┌──
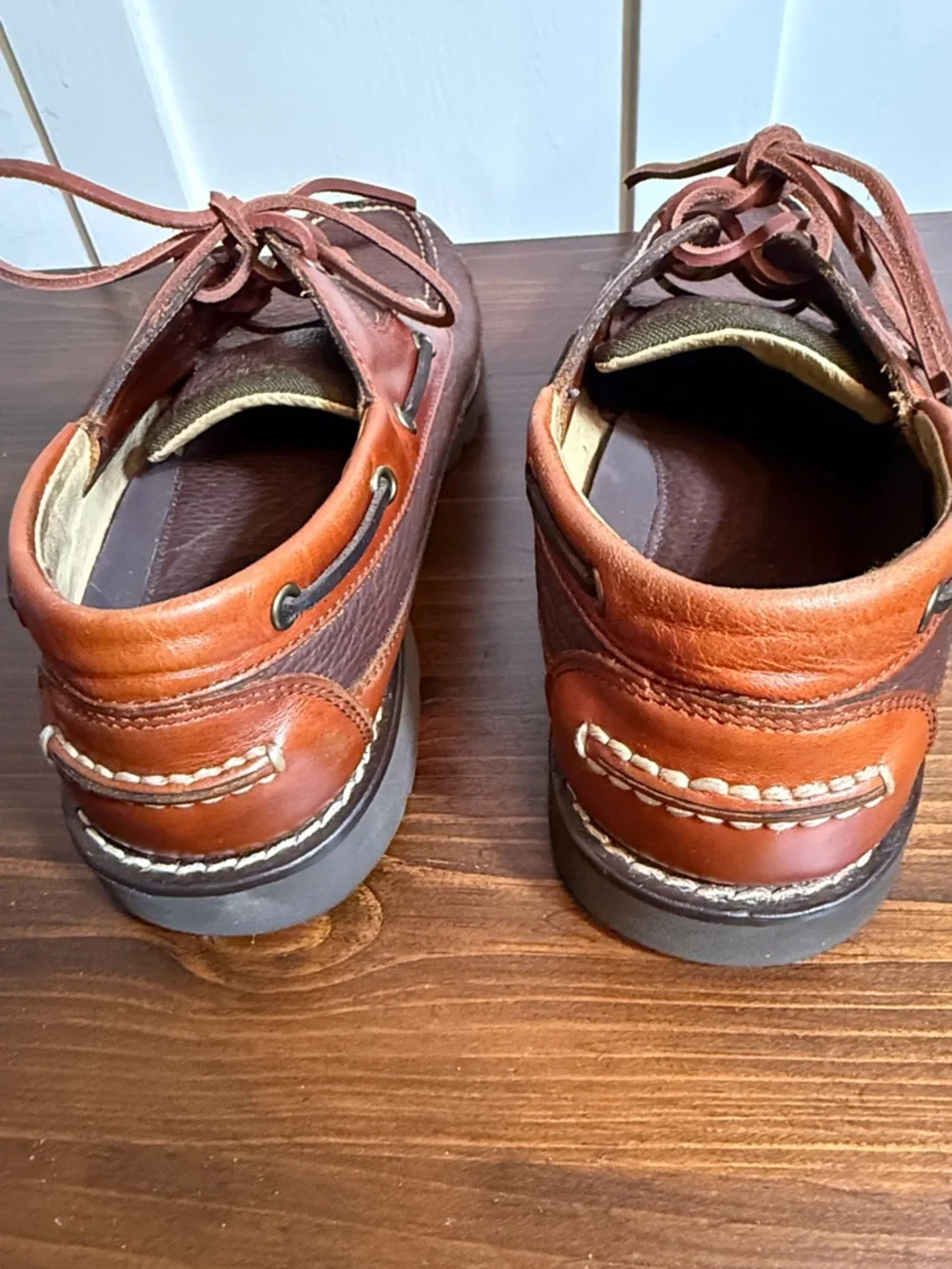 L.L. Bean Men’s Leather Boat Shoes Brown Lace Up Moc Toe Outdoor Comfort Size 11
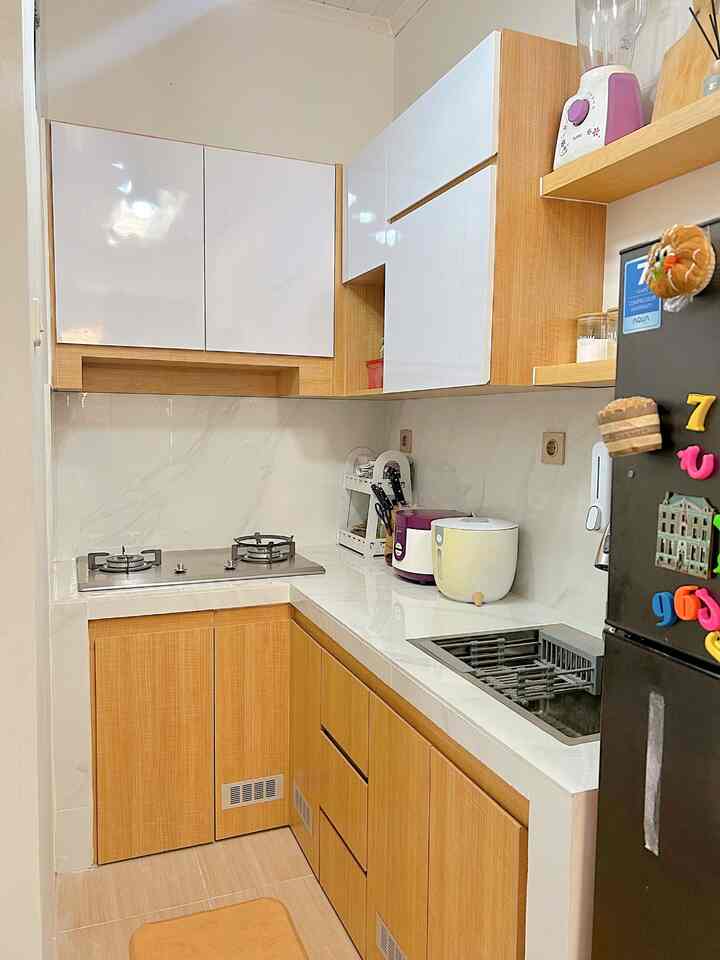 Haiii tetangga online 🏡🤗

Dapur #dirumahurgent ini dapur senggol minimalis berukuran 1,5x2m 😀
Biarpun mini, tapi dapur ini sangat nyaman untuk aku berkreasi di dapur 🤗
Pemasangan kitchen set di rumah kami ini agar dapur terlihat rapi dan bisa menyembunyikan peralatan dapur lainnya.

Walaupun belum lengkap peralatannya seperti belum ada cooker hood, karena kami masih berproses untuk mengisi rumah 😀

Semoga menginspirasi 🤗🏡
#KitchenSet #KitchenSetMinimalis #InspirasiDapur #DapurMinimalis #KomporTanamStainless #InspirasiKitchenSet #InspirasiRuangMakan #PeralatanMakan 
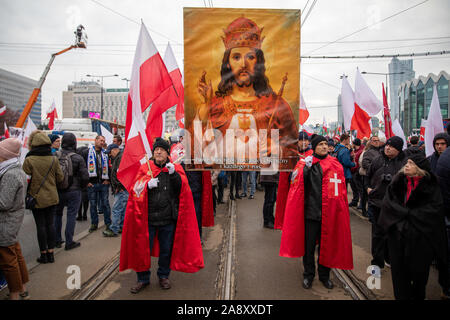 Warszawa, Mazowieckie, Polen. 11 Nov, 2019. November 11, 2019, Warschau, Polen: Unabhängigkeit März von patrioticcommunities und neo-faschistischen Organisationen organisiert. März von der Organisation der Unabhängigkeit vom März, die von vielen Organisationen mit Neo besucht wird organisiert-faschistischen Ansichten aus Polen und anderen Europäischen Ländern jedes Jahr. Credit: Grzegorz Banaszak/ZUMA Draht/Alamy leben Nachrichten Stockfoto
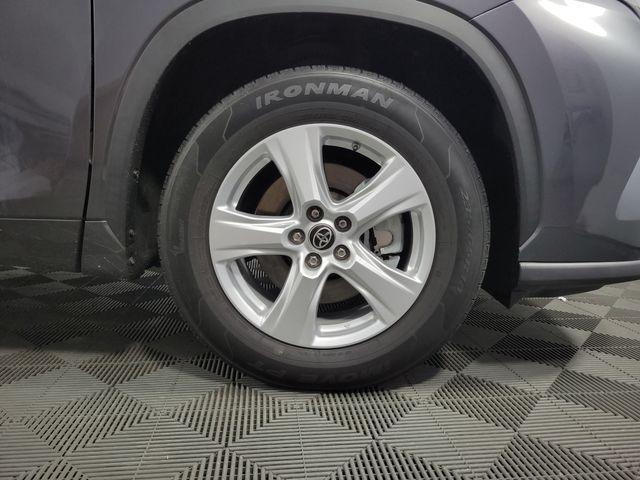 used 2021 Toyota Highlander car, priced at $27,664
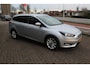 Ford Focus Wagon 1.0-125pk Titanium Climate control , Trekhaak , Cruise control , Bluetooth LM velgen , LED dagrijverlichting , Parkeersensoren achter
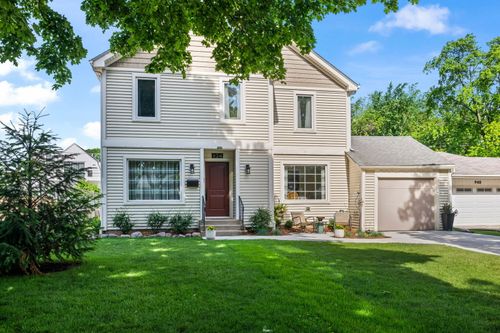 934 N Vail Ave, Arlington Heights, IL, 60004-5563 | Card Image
└──
┌──
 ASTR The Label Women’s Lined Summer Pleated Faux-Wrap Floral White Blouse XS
└──
* _Problem details_
Only one stretch of the entries above is needed: the lines from the one containing "L.L. Bean Men’s" through the one containing "934 N Vail Ave, Arlington". Copy it exactly, without the pictures.

* _Result for this exercise_
 L.L. Bean Men’s Leather Boat Shoes Brown Lace Up Moc Toe Outdoor Comfort Size 11
 Haiii tetangga online 🏡🤗

Dapur #dirumahurgent ini dapur senggol minimalis berukuran 1,5x2m 😀
Biarpun mini, tapi dapur ini sangat nyaman untuk aku berkreasi di dapur 🤗
Pemasangan kitchen set di rumah kami ini agar dapur terlihat rapi dan bisa menyembunyikan peralatan dapur lainnya.

Walaupun belum lengkap peralatannya seperti belum ada cooker hood, karena kami masih berproses untuk mengisi rumah 😀

Semoga menginspirasi 🤗🏡
#KitchenSet #KitchenSetMinimalis #InspirasiDapur #DapurMinimalis #KomporTanamStainless #InspirasiKitchenSet #InspirasiRuangMakan #PeralatanMakan 
 Warszawa, Mazowieckie, Polen. 11 Nov, 2019. November 11, 2019, Warschau, Polen: Unabhängigkeit März von patrioticcommunities und neo-faschistischen Organisationen organisiert. März von der Organisation der Unabhängigkeit vom März, die von vielen Organisationen mit Neo besucht wird organisiert-faschistischen Ansichten aus Polen und anderen Europäischen Ländern jedes Jahr. Credit: Grzegorz Banaszak/ZUMA Draht/Alamy leben Nachrichten Stockfoto
 used 2021 Toyota Highlander car, priced at $27,664
 Ford Focus Wagon 1.0-125pk Titanium Climate control , Trekhaak , Cruise control , Bluetooth LM velgen , LED dagrijverlichting , Parkeersensoren achter
 934 N Vail Ave, Arlington Heights, IL, 60004-5563 | Card Image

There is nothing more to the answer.